Any meaningful bits in that MSR we wanna know when getting a
thresholding or deferred error? Are they even defined?

If yes, RIPV should always be 1b, EIPV too, MCIP can't be set.

-ENOMOREUSEFULBITS.

--
Regards/Gruss,
Boris.

ECO tip #101: Trim your mails when you reply.
--

2015-05-14 14:56:22

by Aravind Gopalakrishnan

[permalink] [raw]
Subject: Re: [PATCH] x86, mce, amd: Read mcgstatus before we log the error

On 5/14/2015 4:50 AM, Borislav Petkov wrote:
> On Wed, May 13, 2015 at 12:37:04PM -0500, Aravind Gopalakrishnan wrote:
>>
>> mce_setup(&m);
>> + rdmsrl(MSR_IA32_MCG_STATUS, m.mcgstatus);
> Any meaningful bits in that MSR we wanna know when getting a
> thresholding or deferred error? Are they even defined?

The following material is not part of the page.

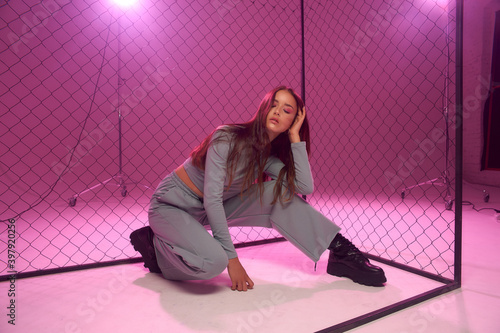 Fashion model in green sporty clothes and black boots sitting on white florr against grid fence and pink background. Girl with long straight brunette hair photo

Ah. Good point. RIPV is not defined for Deferred errors.
For thresholding, we'll hit the interrupt handler only if we hit the
threshold and
it is not UC error (for which RIPV is not defined). Else, the counter
would be incremented,
but it would cause a #MC anyway.

> If yes, RIPV should always be 1b, EIPV too, MCIP can't be set.
>
> -ENOMOREUSEFULBITS.
>

Thanks,
-Aravind.